For this exercise, return exactly the lines of the material below that begin at the one with "XT - 6 GTX Paloma - LIKELIHOOD" and stop after the one with "Vlog: The Window of Tolerance".

> **Listed entries**
┌──

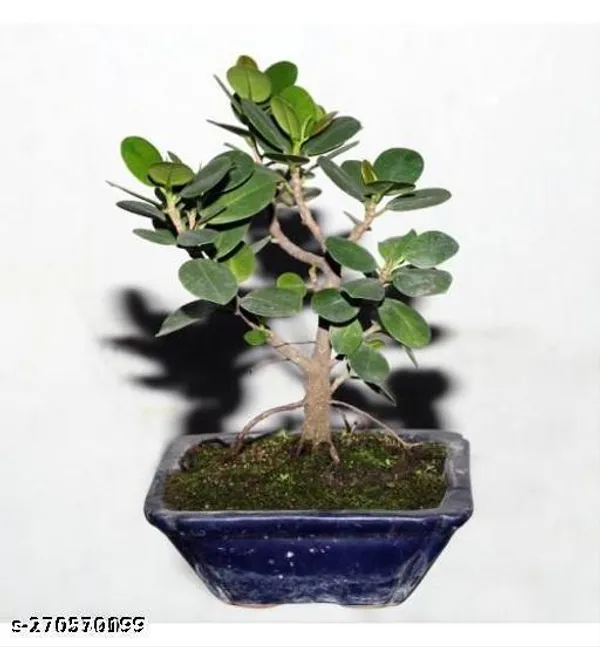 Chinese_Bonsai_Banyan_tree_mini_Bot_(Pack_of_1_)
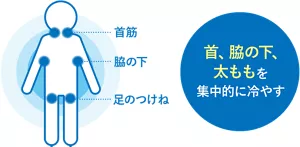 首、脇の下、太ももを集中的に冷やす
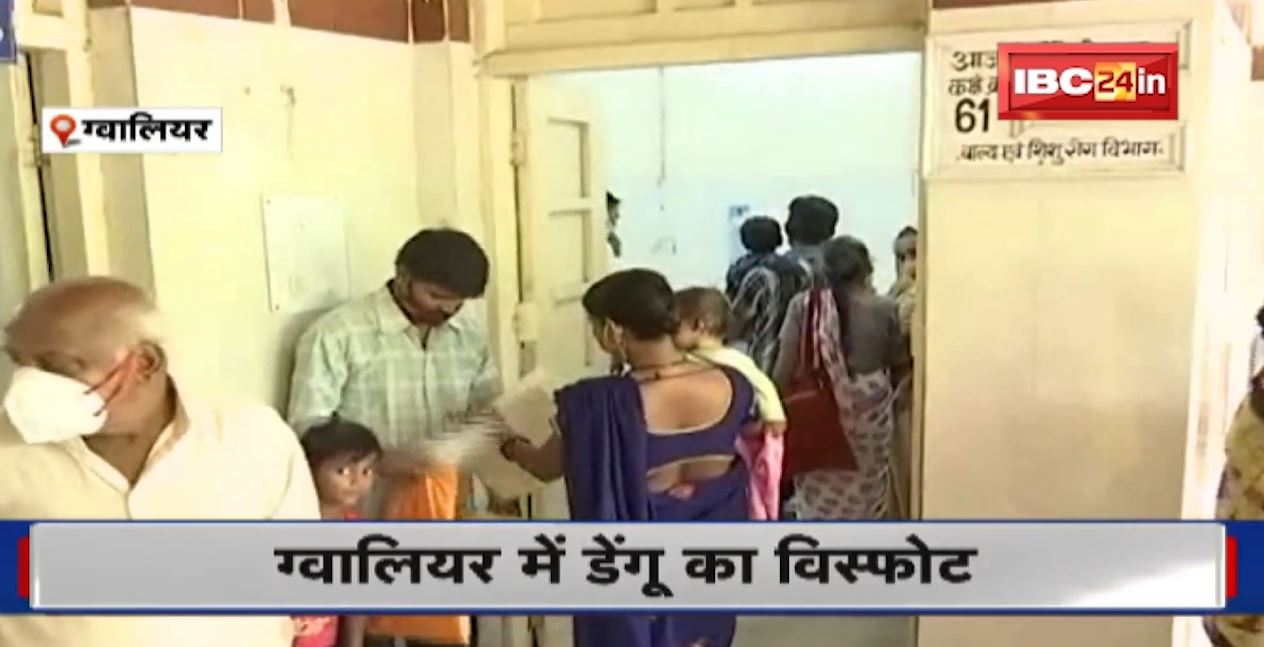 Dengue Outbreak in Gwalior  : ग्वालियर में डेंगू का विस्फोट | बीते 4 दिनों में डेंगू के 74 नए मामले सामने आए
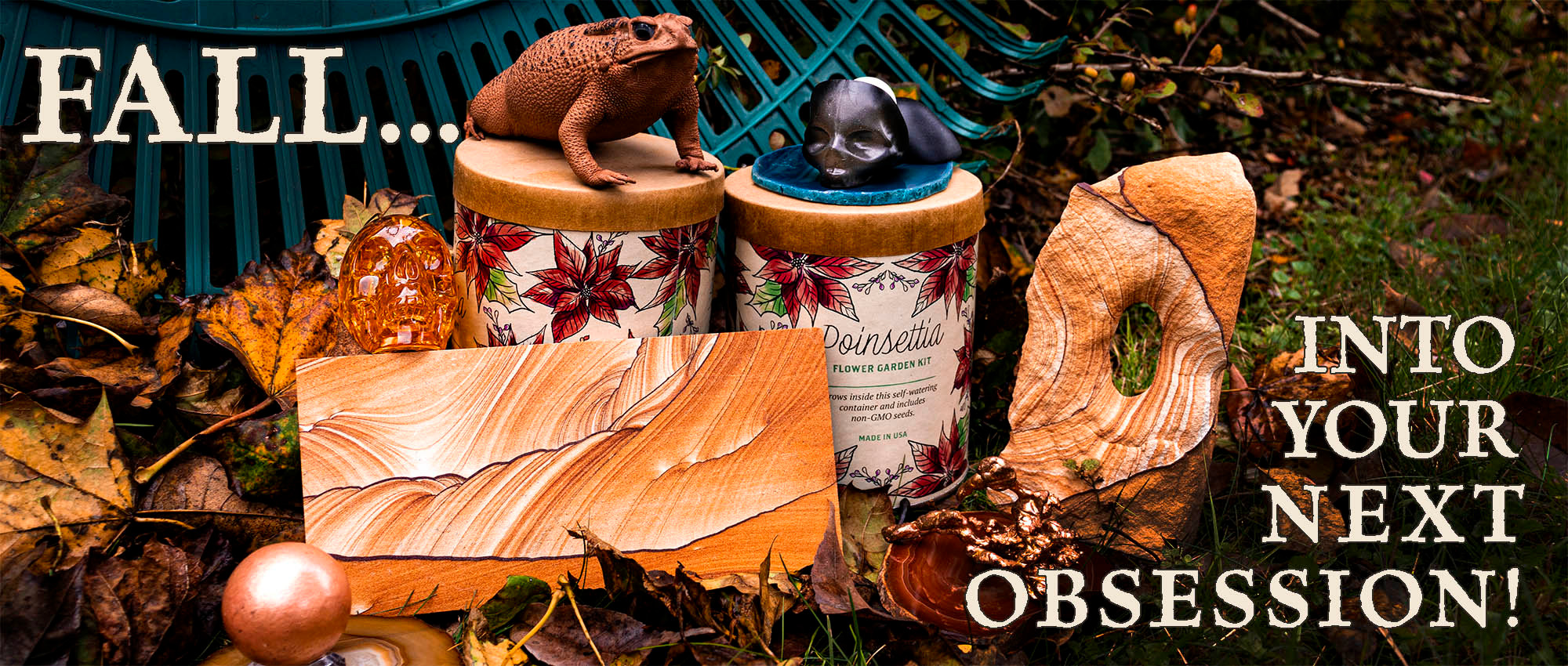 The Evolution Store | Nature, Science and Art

└──
┌──

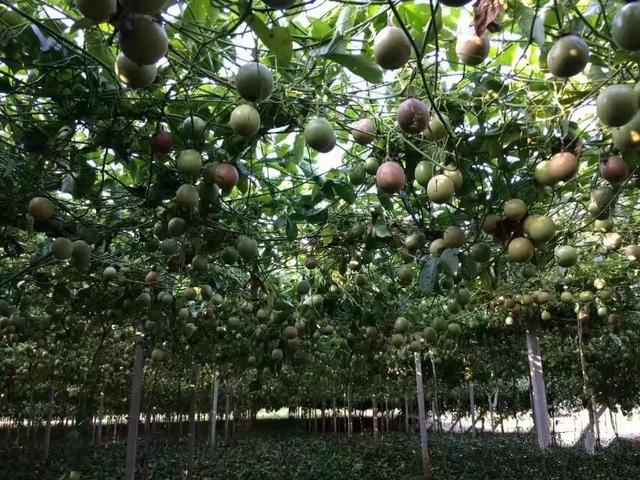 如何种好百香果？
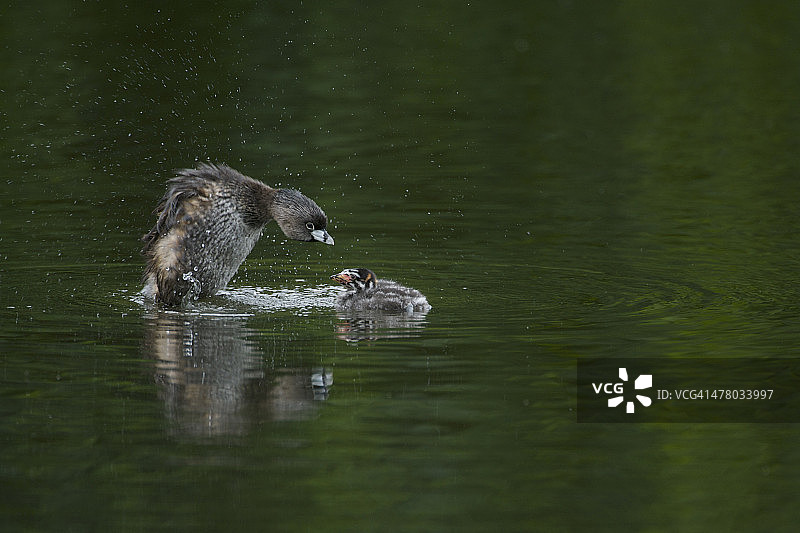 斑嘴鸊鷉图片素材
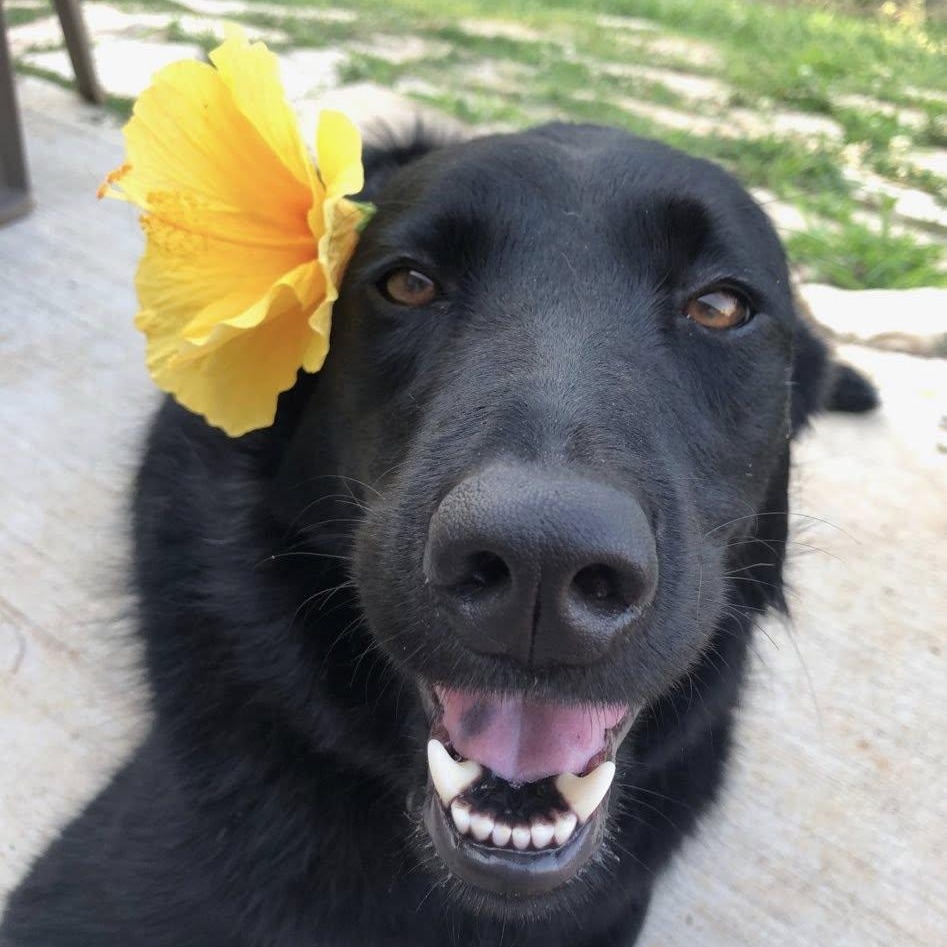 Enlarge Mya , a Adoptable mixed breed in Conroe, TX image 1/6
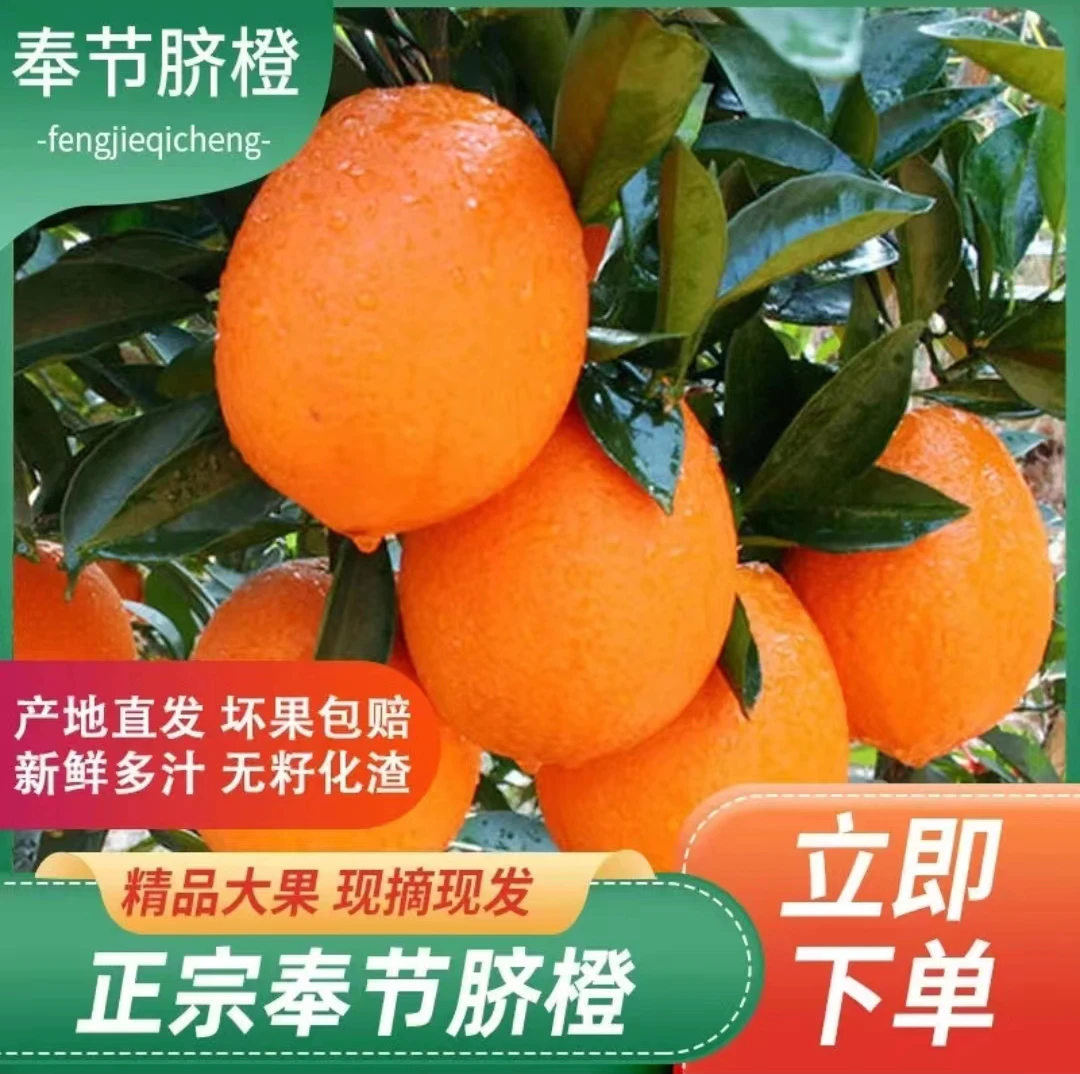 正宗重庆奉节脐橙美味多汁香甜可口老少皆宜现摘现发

└──
┌──

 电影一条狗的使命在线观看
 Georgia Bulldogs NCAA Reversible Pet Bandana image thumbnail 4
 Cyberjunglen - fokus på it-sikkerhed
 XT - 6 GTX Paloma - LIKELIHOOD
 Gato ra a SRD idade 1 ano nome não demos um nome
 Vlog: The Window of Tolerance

└──

> **Response to the task**
 XT - 6 GTX Paloma - LIKELIHOOD
 Gato ra a SRD idade 1 ano nome não demos um nome
 Vlog: The Window of Tolerance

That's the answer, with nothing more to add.